Jan Resseger reports on dramatic changes in Chicago, which has been a Petri dish for corporate school reform for at least two decades. The last mayoral election pitted Paul Vallas, an Uber reformer against Brandon Johnson, a teacher and member of the Chicago Teachers Union. Johnson is now beginning to unravel the damage done by Arne Duncan, Rahm Emanuel, and the business leadership.
Resseger writes:
Right now we are watching in real time as Chicago tries to figure out how to undo the consequences of a catastrophic, two-decades long experiment in marketplace school reform.
Chicago’s Board of Education has voted to implement an important first step in Mayor Brandon Johnson’s proposed school district overhaul: the elimination of student based budgeting.
Mayor Johnson seeks to restore equal opportunity across a school district that has become marked by magnet schools, charter schools, elite and selective public schools, struggling neighborhood schools, and neighborhoods without a a public high school or even a traditional public elementary school.
Johnson has prioritized major changes in the Chicago Public Schools, whose problems became especially obvious in June of 2013, when Mayor Rahm Emanuel closed 50 neighborhood public schools because, as he claimed, they were under-enrolled. Eve Ewing, a University of Chicago sociologist explains that, “80 percent of the students who would be affected were African American… and 87 percent of the schools to be closed were majority black.” (Ghosts in the Schoolyard, p. 54)
Chicago was an early experimenter with school reform. Brandon Johnson, the city’s elected mayor, leads Chicago’s schools as part of the 1994 mayoral governance plan imposed on the public schools by Mayor Richard M. Daley and the Illinois legislature. The Chicago Public Schools adopted universal, districtwide school choice, and the launch in 2004 of Renaissance 2010 (led by Arne Duncan) that involved the authorization of a mass of new charter schools and the subsequent closure of so-called failing neighborhood public chools. Chicago adopted a strategy called “portfolio school reform,” described in a National Education Policy Center brief: “The operational theory behind portfolio districts is based on a stock market metaphor—the stock portfolio under the control of a portfolio manager. If a stock is low-performing, the manager sells it. As a practical matter, this means either closing the school or turning it over to an charter school….”
Then in 2014, Mayor Emanuel added a districtwide funding plan called student based budgeting. In a 2019 report, Roosevelt University professor Stephanie Farmer explained: “Student Based Budgeting fundamentally remade the approach to funding public schools. Student Based Budgeting is akin to a business model of financing public schools because funds are based on student-consumer demand and travel with the student-consumer to the school of their choice. (The plan contrasts with)… the old public good approach to financing public schools that ensured a baseline of education professionals in each school.”
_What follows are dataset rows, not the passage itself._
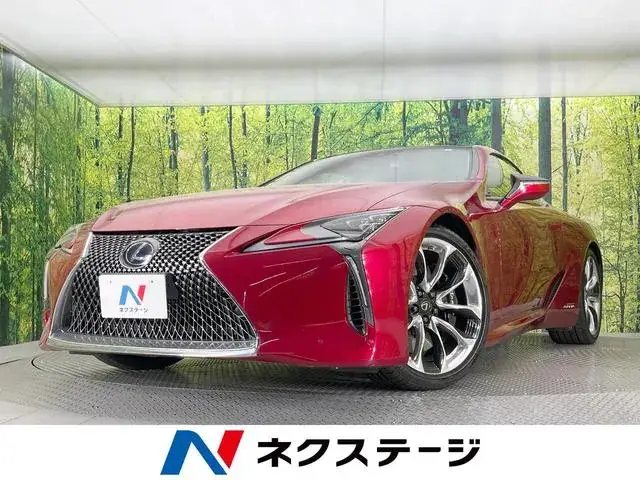 Lexus Lc500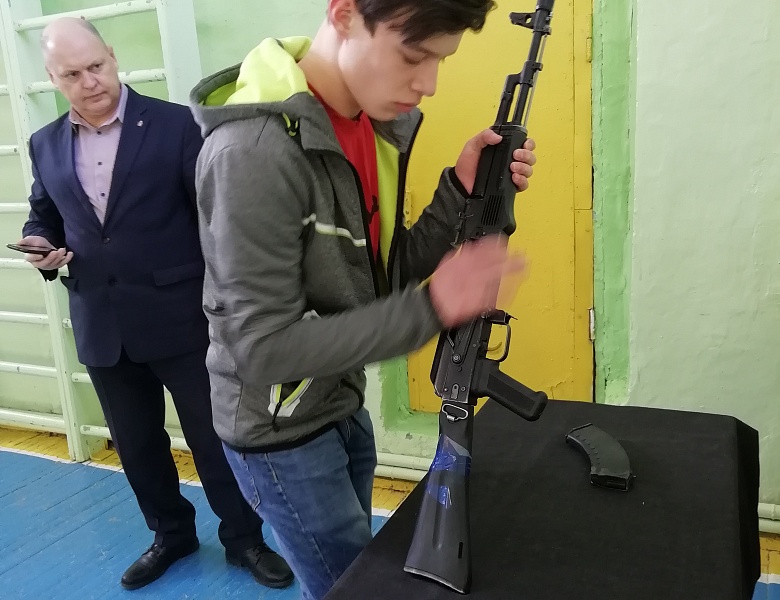 «А ну-ка, парни 2021»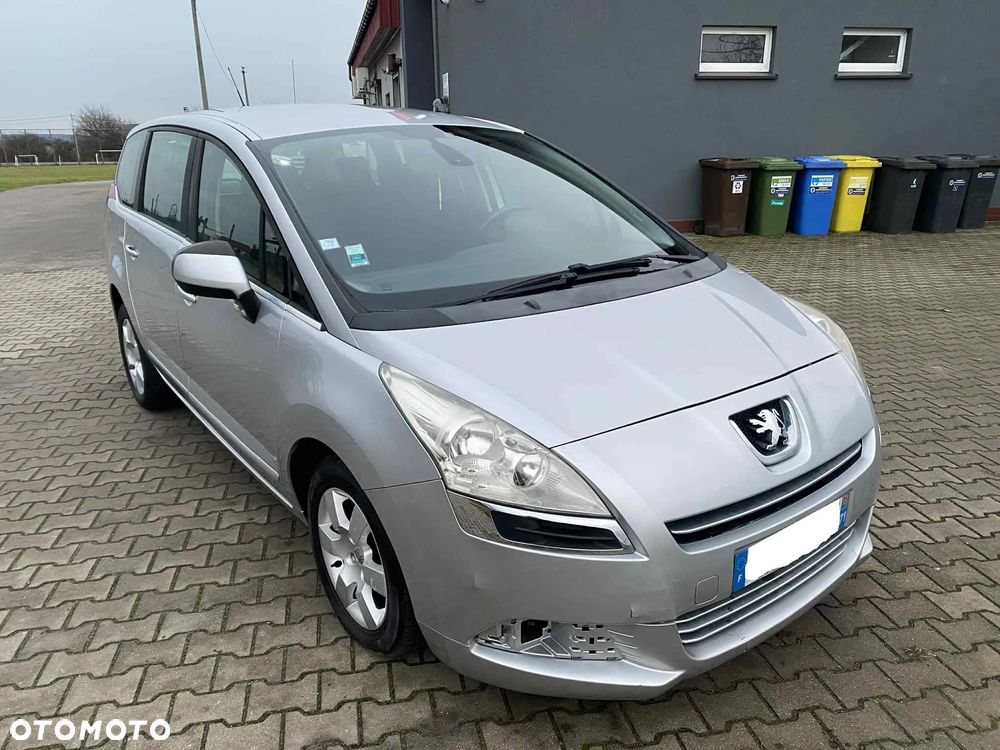 Peugeot 5008 HDI FAP 150 Premium - 8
Because it is known that aggregate school test scores correlate primarily with poverty and wealth, it was predicable that student based budgeting would put schools in Chicago’s poorest neighborhoods on a race to the bottom, leading to schools with tragically limited programming for the city’s most vulnerable students and more school closures. Farmer concludes: “Our findings show that Chicago Public Schools’ putatively color-blind Student Based Budgeting reproduces racial inequality by concentrating low budget public schools almost exclusively in Chicago’s Black neighborhoods. The clustering of low budget schools in low-income Black neighborhoods adds another layer of hardship in neighborhoods experiencing distress from depopulation, low incomes, and unaffordable housing.”
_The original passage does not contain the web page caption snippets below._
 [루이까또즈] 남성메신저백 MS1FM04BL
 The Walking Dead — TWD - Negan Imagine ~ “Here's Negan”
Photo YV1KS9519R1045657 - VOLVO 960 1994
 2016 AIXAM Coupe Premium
In late March of this year, WBEZ’s Sarah Karp reported that the Board of Education voted to launch a new plan to determine how much each school has to spend on teachers and programming: “Chicago Public Schools is officially moving away from a school funding formula that pitted schools against each other as they competed for students… District officials… announced (on March 21, 2024) they are implementing a formula that targets resources for individual schools based on the needs of students, such as socioeconomic status and health. They will abandon student based budgeting—a formula unveiled a decade ago under former Mayor Rahm Emanuel that provided a foundational amount of money based on how many students were enrolled…. Under the needs-based formula, every school will get at least four foundation positions, including an assistant principal, plus core and ‘holistic teachers.’… Schools will then get additional funding based on the opportunity index, which looks at barriers to opportunity including race, socioeconomic status, education, health and community factors.”
While undoing a market-based scheme for school funding and operations is clearly a moral imperative, the challenges appear daunting. Karp continues: “This change was expected as Mayor Brandon Johnson and others have sharply criticized student based budgeting. However, it was unclear how it would play out, especially as the district faces a $391 million deficit for the next school year. The shortfall is the result of federal COVID relief funds running out… District officials offered no information at a Board of Education meeting… on how the district will fill the budget hole.”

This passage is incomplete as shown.